- _Problem to work on_
Of the records below, reproduce only the span that opens with the line containing "lot 268 image: Tote" and closes with the last line.

Records from a collection:
____

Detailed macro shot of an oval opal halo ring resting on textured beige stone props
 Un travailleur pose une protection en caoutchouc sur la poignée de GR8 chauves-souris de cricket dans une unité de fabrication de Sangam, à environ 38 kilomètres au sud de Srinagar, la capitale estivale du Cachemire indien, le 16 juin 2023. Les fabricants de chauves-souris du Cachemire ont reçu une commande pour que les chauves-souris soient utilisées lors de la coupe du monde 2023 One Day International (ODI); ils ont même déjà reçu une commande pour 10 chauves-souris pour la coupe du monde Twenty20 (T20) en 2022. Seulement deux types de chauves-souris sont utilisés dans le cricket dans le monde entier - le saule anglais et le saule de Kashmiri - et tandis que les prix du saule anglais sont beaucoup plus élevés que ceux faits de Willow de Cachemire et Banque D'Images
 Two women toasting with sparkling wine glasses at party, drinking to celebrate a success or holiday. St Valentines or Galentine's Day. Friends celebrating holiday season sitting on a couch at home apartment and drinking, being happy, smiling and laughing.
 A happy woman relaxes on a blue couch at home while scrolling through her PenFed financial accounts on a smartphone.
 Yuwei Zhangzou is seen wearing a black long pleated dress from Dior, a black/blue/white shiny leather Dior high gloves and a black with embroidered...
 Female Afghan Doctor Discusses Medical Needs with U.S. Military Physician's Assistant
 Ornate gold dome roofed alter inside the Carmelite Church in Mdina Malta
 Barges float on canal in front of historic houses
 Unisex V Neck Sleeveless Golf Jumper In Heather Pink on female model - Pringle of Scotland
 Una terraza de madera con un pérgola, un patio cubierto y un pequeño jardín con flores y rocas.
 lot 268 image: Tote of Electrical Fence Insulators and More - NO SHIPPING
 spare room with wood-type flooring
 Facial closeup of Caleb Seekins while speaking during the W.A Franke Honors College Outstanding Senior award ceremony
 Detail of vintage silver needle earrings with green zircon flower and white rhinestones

____

- _Response to this exercise_
 lot 268 image: Tote of Electrical Fence Insulators and More - NO SHIPPING
 spare room with wood-type flooring
 Facial closeup of Caleb Seekins while speaking during the W.A Franke Honors College Outstanding Senior award ceremony
 Detail of vintage silver needle earrings with green zircon flower and white rhinestones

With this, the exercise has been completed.